Share your dilemmas and get honest opinions from other Mumsnetters.

To take blame for dp’s speeding

277 replies

Wrinklyturtle · 13/02/2019 21:09

So basically had a letter through today. The car is in my name and a while back I received a letter for speeding in another part of the country - I gave it to DP to sort as I knew, as did he, that it was him driving. He sorts all the bills, car stuff etc. usually.

Fast forward to today and I’ve received a summons to attend a speed awareness course. I rang and told him in rather miffed tone that I’d received it and he’d better sort it out as it was him driving. His response was basically “oh you know it’s much better for you to take it, I can’t because of work”. I am a sahm.
He has done this before and I took points on my licence for him.

It’s more his attitude than anything it’s like “my time is much more important than yours - you are sat at home all day”. No apology or anything, it’s just expected that il suck it up.

He also chastised me for calling him at work and shouting down the phone (I didn’t shout I raised my voice cos I was miffed at his response). He said I sound like a banshee shouting down the phone in the office.
Does anyone else just take shit like this for the sake of the family?

OP posts:
Wrinklyturtle · 13/02/2019 21:37

You’re all right that I should’ve filled it in myself. I thought he would just pay the fine or whatever.

I think I’m going to tell him he needs to contact them and say we’ve made a mistake - that it could’ve been him or me driving and we’re not sure?

OP posts:
SecretNutellaFix · 13/02/2019 21:37

Exactly how many points does your husband have that he has had you take some for him and now has named you as the driver when you weren't?

CountessVonBoobs · 13/02/2019 21:37

Villanelle I'm glad, but that wasn't in the post of yours I responded to, and Duffbeers had pretty much said it was no big deal. "It happens a lot" to me sounds like "it doesn't really matter, you won't get caught". If that wasn't what you meant, we are in agreement.

Nicknacky · 13/02/2019 21:38

If you are going down the line that there has been a mistake then you will need to contact them as “you” filled it in.

PurpleDaisies · 13/02/2019 21:39

I think I’m going to tell him he needs to contact them and say we’ve made a mistake - that it could’ve been him or me driving and we’re not sure?

You’d trust him to do that?

Villanellesproudmum · 13/02/2019 21:39

I can confidently say you read it wrong.

Nacreous · 13/02/2019 21:39

You need to contact them, because you are the only one who should have filled out the form in the first place and I would imagine he had to sign the damned thing claiming to be you.

Yes, your husband screwed up.
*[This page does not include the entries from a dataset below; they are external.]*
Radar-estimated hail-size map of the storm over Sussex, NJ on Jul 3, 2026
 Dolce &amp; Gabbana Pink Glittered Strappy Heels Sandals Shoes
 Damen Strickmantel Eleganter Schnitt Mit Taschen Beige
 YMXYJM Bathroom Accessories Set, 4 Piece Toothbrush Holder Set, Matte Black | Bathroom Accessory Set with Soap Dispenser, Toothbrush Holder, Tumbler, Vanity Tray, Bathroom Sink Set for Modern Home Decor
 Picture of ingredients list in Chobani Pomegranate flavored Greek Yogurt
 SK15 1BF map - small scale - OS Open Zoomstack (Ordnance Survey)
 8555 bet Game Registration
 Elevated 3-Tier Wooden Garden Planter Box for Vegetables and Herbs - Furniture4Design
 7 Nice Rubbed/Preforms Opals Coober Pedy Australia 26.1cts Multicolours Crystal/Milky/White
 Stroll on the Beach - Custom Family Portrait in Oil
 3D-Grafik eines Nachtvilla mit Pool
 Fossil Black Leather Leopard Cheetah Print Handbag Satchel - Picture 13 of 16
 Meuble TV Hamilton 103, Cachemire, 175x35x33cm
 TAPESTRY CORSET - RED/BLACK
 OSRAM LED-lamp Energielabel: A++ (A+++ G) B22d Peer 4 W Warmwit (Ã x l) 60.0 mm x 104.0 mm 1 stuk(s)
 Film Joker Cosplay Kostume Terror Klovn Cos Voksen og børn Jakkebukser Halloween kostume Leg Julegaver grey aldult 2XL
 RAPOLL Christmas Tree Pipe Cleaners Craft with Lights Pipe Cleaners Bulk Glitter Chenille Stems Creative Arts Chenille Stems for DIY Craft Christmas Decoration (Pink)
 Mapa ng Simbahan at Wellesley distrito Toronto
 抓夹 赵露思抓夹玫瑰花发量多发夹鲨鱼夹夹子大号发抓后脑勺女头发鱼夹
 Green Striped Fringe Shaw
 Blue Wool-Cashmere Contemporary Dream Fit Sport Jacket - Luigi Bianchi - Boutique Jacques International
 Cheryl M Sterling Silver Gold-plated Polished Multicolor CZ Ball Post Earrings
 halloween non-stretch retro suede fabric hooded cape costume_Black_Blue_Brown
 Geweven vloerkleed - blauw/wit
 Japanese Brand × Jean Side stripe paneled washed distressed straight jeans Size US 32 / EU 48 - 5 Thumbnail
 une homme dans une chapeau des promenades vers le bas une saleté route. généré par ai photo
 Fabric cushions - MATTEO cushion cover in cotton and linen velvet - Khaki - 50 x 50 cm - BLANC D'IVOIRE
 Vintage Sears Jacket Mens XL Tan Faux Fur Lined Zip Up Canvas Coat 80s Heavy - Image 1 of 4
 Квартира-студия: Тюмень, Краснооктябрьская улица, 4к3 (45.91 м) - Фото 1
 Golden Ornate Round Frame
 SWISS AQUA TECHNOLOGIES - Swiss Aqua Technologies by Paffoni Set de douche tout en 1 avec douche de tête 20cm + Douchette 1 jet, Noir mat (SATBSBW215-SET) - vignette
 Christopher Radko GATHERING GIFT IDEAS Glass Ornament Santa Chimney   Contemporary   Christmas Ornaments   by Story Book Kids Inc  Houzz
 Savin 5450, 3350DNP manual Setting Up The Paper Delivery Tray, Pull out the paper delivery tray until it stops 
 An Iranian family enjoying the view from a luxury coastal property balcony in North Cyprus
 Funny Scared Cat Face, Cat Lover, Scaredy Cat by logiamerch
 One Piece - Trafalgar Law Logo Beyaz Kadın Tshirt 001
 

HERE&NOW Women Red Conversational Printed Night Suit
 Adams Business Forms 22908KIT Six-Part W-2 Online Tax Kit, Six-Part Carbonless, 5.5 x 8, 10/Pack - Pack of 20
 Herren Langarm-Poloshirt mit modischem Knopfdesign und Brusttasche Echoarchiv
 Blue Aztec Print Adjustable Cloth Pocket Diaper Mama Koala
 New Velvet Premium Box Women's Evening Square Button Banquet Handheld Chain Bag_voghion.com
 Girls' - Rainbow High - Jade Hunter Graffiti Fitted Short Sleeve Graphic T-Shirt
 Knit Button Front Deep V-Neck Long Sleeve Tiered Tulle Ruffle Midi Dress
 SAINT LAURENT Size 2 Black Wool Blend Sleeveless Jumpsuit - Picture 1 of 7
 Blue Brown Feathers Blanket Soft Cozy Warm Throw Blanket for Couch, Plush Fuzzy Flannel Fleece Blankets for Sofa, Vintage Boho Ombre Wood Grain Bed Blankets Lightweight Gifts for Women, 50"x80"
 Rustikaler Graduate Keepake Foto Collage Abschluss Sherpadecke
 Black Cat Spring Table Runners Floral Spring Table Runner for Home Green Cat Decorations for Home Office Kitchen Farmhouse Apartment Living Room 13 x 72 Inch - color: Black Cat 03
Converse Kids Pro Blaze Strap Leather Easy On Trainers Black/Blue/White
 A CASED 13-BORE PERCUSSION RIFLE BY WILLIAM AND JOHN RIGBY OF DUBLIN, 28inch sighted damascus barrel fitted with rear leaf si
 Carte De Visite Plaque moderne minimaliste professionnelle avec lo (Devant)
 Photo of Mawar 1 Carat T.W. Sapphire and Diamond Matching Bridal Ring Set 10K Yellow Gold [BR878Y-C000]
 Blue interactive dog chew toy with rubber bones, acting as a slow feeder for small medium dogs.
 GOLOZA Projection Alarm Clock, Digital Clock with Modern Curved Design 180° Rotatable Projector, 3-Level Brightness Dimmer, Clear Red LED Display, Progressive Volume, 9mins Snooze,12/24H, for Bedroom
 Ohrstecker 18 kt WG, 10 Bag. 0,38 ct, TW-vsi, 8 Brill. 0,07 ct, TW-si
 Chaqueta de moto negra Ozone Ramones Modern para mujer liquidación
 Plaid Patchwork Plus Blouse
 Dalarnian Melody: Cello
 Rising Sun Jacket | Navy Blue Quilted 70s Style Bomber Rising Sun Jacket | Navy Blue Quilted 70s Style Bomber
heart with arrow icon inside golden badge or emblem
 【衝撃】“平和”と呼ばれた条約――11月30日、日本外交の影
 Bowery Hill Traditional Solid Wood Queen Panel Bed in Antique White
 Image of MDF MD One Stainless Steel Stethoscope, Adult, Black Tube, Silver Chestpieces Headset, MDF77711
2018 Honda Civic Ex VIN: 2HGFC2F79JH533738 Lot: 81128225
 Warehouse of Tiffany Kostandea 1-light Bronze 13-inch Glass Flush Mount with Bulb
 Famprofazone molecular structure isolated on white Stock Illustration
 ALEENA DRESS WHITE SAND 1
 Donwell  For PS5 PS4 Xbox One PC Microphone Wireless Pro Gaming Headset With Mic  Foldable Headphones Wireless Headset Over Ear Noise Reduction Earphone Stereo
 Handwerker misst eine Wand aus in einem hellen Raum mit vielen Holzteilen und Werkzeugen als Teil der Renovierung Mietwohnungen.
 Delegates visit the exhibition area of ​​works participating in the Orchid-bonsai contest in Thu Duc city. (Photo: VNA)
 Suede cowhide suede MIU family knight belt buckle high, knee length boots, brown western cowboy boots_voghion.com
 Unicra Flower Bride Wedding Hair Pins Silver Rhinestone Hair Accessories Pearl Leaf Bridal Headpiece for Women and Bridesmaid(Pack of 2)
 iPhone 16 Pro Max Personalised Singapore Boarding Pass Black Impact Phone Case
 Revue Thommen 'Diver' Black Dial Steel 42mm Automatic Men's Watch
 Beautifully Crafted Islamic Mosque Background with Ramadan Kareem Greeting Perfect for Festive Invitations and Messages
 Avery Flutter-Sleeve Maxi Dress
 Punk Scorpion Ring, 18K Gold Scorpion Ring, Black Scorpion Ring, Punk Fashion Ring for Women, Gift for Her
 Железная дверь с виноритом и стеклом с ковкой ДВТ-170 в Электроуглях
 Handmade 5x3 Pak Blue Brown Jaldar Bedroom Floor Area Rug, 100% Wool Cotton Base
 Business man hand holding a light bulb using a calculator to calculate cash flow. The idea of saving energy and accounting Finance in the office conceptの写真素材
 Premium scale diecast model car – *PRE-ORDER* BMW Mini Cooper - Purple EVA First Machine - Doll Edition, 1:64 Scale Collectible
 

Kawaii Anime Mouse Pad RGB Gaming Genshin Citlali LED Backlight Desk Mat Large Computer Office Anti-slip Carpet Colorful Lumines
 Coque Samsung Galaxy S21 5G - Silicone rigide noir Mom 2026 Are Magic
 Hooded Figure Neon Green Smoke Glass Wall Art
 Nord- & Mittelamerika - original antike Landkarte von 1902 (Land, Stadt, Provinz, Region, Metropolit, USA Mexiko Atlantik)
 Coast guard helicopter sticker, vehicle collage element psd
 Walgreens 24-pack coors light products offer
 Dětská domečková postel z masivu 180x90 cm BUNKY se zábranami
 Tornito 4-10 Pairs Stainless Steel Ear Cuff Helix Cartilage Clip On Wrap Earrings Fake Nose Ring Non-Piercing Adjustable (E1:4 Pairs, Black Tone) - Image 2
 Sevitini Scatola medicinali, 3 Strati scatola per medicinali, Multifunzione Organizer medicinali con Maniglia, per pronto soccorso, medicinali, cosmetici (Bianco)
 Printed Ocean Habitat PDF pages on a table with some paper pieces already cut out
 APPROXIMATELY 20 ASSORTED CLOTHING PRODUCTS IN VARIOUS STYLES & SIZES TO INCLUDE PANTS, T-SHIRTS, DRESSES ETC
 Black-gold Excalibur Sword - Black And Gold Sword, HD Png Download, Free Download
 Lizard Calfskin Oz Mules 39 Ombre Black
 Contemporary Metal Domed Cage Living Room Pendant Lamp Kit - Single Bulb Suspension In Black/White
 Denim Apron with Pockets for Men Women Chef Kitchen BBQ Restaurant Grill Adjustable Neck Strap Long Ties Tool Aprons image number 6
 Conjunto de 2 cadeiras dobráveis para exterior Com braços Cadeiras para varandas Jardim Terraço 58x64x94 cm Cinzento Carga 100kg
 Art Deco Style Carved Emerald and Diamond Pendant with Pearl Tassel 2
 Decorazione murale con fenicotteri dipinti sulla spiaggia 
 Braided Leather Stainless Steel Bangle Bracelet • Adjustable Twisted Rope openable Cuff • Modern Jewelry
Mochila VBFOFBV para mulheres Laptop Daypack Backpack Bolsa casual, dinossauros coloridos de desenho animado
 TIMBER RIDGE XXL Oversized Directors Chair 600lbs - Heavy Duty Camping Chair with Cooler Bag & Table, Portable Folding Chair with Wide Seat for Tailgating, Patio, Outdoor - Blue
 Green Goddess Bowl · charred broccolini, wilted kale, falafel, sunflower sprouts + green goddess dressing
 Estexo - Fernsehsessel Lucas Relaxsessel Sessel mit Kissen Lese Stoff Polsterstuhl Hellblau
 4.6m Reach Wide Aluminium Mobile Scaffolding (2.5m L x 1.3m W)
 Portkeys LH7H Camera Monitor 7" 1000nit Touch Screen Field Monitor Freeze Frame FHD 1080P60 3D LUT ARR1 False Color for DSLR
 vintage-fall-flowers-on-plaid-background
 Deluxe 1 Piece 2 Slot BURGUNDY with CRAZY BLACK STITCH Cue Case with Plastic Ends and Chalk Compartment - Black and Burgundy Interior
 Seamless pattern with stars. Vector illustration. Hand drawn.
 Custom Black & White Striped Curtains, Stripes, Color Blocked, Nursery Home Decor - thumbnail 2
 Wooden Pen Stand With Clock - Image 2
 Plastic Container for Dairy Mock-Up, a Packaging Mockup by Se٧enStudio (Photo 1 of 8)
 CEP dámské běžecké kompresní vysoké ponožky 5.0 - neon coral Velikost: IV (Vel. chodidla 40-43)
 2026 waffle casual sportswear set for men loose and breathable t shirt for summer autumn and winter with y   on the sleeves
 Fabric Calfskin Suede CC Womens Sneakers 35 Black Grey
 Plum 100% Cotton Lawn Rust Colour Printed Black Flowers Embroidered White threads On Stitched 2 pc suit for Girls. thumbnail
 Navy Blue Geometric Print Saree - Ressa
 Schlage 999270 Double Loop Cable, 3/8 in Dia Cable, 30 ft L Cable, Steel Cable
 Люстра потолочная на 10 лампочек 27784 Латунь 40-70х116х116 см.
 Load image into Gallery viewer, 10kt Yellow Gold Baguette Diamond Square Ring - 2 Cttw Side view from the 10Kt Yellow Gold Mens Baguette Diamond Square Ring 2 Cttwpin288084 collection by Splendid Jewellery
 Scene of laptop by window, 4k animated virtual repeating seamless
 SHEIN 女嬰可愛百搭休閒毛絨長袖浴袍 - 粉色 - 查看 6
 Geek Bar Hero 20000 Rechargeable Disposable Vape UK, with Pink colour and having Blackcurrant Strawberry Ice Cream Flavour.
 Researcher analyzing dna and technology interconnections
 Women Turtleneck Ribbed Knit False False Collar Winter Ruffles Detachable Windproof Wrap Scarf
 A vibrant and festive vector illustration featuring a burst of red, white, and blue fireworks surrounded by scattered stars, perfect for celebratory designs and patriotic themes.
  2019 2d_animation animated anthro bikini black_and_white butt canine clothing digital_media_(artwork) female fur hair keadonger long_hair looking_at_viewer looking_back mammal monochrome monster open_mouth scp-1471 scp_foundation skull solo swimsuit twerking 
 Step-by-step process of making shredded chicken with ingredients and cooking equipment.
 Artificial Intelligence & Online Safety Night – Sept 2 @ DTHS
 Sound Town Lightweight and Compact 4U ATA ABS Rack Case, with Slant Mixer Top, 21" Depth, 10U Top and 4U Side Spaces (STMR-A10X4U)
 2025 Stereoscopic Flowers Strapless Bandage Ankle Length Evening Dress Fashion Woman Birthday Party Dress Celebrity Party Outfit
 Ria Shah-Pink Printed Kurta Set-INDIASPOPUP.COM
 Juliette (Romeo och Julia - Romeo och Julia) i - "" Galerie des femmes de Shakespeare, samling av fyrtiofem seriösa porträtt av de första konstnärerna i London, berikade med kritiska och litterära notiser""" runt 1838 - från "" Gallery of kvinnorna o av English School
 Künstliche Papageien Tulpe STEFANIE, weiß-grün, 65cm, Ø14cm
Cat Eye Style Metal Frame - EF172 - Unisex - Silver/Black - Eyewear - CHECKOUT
But to prevent there being a risk of you being prosecuted you will have to be the one who fixes all of it.

Lolkittens5 · 13/02/2019 21:40

Agree with above posters. You need to sort it out!

Bombardier25966 · 13/02/2019 21:41

that it could’ve been him or me driving and we’re not sure?

You're going to claim that you're not sure if you were in another part of the country at the relevant time?

OK...

toomanyofthemnow · 13/02/2019 21:42

OMG. He is committing fraud, which is far more serious than the original offence. And if you go along with it, then you will be committing fraud as well.

No way would I ever do anything like this for someone else.

His excuse to you is that he is usually driving when you are out together, so he is more likely to get caught for speeding than you are. Er... what??? Is he usually this hard-of-thinking?

minisoksmakehardwork · 13/02/2019 21:42

As I understand it you have the original letter to your dh to complete and he filled it out with your details which is why you now have the speed course.

Your most reasonable course of action is to contact them and tell them you were not driving.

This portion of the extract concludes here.